Asynchronous, event-driven architecture?
That seems...awfully buzz-wordy. Let's try to understand why this matters before we dive in.
I/O-bound vs. CPU-bound operations
In computing, there are two common types of ways to describe the bottlenecks or limiting factors of computational operations:
- I/O-bound operations: Operations that are constrained by the speed of the inputs and outputs of a given internal or external system, and can usually benefit from asynchronous processing.
- CPU-bound operations: Operations that are constrained by the speed of the CPU, and can usually benefit from parallel processing and multi-threading.
Common I/O-bound operations are things like:
- HTTP requests
- Database queries
- File reading and writing
- Network data transfer
Common CPU-bound operations are things like:
- Image and video processing
- Machine learning
- Encryption and cryptography
- Data analysis
The asynchronous, non-blocking part
In most traditional programming languages, such as Java and Python, I/O-bound operations are handled in a blocking, synchronous manner, meaning that each individual operation must be completed before the moving to the next.
However, with Node.js, since it is "non-blocking", it handles these I/O-bound operations in an asynchronous manner, meaning that it doesn't wait for an individual operation to complete before it begins processing another one.
While it's true that other programming languages offer asynchronous capabilities, similar to that of Node.js, it's important to note that the entire Node.js runtime is built around asynchronous, non-blocking operations from the ground up.
This non-blocking behavior is achieved via Node's internal Event Loop mechanism, which enables the concurrent execution of tasks and offloads them to the system's kernel whenever possible. Â
Because of this, it makes Node.js a straightforward, lightweight candidate for I/O-heavy applications as opposed to other more complicated, resource-intensive multi-threaded runtimes.
The event-driven part
In Node.js, "events" are the lifeblood of the runtime. Many operations emit events to signal different conditions, states, and other information to various parts of the system.
Events tell the Node.js runtime that something has happened, and anything that cares to know about these events can subscribe to them so they can react in some way when they receive those events.

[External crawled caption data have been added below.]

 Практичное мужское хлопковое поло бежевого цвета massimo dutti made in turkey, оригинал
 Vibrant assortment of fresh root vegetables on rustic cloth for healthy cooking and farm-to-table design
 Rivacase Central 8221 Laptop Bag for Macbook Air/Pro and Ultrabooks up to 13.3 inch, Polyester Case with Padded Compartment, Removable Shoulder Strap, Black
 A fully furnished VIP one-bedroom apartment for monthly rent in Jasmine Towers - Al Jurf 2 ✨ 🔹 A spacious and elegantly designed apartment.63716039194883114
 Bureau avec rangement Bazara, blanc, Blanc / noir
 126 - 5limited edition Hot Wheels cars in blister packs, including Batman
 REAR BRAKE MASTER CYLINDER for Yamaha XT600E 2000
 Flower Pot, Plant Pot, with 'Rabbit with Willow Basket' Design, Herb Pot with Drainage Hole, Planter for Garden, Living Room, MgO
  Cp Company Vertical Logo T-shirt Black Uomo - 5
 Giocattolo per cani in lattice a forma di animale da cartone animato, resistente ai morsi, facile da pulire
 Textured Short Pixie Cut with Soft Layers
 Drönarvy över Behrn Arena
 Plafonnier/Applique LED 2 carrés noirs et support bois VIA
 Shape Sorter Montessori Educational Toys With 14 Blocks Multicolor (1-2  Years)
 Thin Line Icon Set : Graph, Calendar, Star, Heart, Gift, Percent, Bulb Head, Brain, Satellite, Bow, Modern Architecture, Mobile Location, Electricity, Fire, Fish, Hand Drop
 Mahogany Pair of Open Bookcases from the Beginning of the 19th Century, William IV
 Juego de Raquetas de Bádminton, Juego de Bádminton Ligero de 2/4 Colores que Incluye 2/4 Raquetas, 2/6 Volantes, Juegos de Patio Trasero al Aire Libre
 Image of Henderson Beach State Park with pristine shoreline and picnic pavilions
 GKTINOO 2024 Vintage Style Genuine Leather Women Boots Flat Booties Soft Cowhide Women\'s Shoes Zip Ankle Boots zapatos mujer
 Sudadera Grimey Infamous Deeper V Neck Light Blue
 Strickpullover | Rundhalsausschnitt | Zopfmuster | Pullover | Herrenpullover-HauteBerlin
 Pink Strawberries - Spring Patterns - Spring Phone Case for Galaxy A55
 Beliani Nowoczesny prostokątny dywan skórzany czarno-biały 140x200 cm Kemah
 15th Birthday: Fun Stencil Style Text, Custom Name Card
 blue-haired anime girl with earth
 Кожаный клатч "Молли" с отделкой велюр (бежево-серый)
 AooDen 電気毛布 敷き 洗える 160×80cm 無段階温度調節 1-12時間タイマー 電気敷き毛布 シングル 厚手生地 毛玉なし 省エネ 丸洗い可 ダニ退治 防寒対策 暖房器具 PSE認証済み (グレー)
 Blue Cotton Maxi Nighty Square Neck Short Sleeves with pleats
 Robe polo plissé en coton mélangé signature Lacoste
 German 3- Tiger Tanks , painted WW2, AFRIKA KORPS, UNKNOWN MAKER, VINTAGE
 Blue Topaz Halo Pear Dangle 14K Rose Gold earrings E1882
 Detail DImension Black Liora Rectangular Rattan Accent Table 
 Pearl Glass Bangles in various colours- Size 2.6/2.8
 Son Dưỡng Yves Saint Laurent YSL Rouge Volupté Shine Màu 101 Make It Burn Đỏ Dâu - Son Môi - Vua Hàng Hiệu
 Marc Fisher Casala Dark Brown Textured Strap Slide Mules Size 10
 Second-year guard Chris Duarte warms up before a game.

In addition to the internal usage of events, Node.js offers a robust event API that allows developers to write clean, maintainable code. This can be achieved by organizing different functionalities into event listeners, which are triggered only when relevant events occur. This leads to a system that is not just efficient in terms of performance, but also in terms of its architecture, making it easier to develop, test, and maintain.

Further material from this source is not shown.